Synthetic cannabinoids are the most common of an expanding array of drugs that mimic the effects of outlawed, mostly farmed, substances but are based on manufactured and often legal compounds. In just a few years a complicated global supply chain, enabled by the Internet, has appeared to produce, package, and ship a multiplying variety of narcotics. It is taking an increasing chunk of the market for recreational drugs, estimated by Jeffrey A. Miron of Harvard and the Cato Institute to be $121 billion in North America.

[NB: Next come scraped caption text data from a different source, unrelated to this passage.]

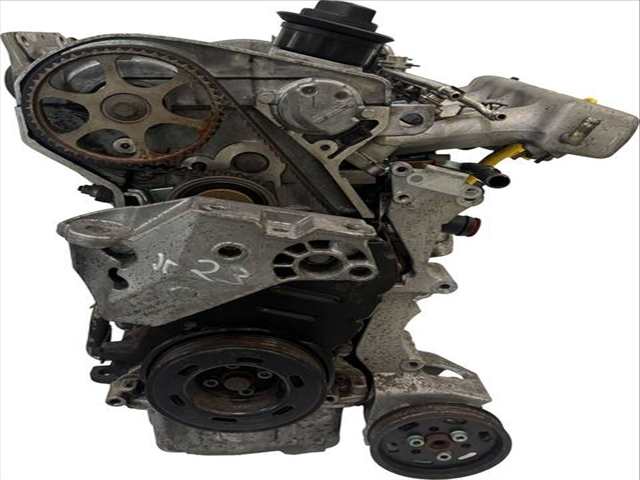 Motor Completo Audi Tt 1.8 T 224 CV 165KW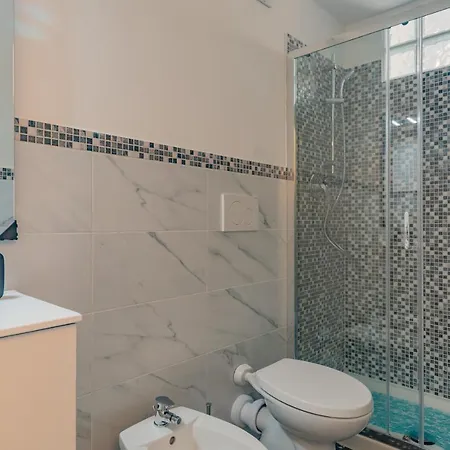 Rivierarent Casa Iolanda *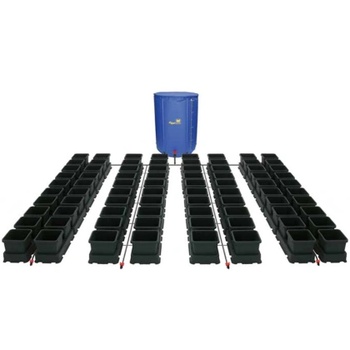 Image 1 of Easy2Grow 80 с резвервоар 750L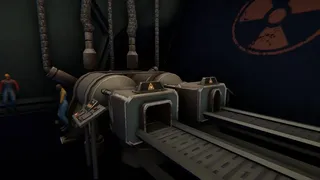 Скриншот 2 к игре Anomalista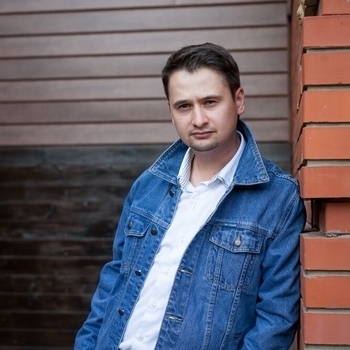 Тимур Вагапов - Сочи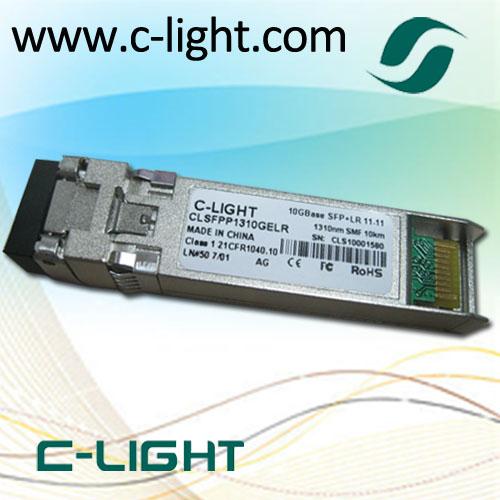 供应万兆SFP+光模块EX-SFP-10GE-LR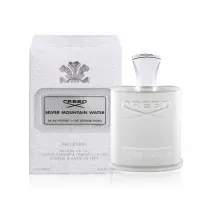 ادو پرفیوم کرید مدل Silver Mountain Water اصل
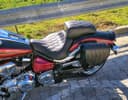 2013 Yamaha Raider - 18 000 km - Náhled 7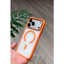 Ốp Lưng Likgus King Mag Cho iPhone 17 Pro / 17 Pro Max - Lưng Nhám, Vành Camera Kim Loại, Hút Từ Tính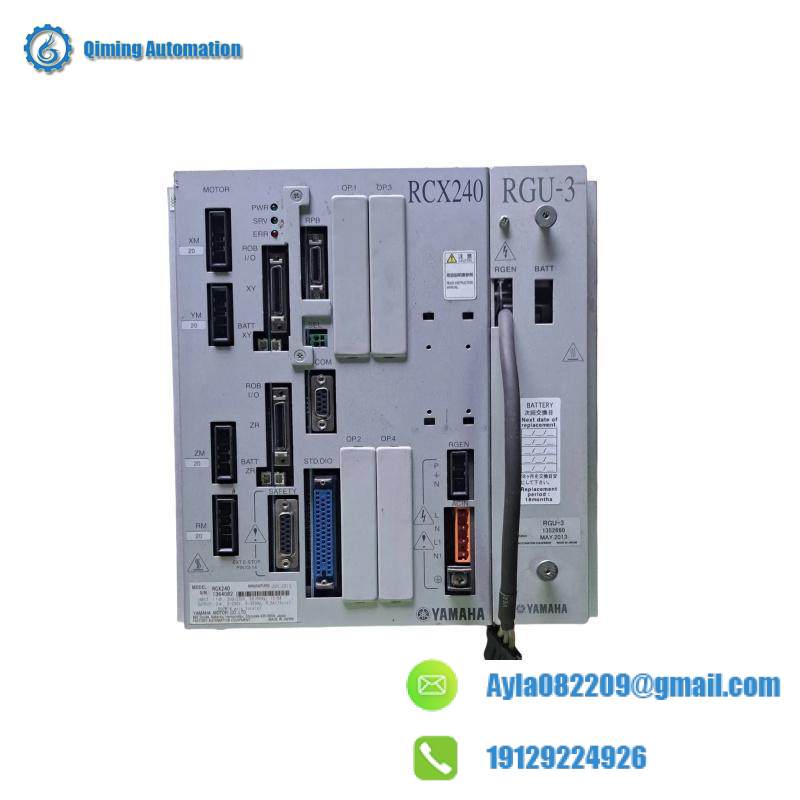 ABB RCX240 Robot controller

Scott Collier, a diversion program manager with the Drug Enforcement Administration in St. Louis, estimates there are now at least 1,000 synthetic drugmakers in the U.S. Those are only the ones with recognizable brands. "Factor in the number of people using the Internet as a supply store and making stuff out of their basement, and that number jumps considerably," he says. Many synthetics are not complicated to make; videos detailing the process on YouTube run about ten minutes.

In the U.S., producers such as Upchurch have been making millions, if not billions. With no penalties in many states, first-time customers have been able to experiment with "incense" or "bath salts" without fear of legal consequences. There's not even an age restriction.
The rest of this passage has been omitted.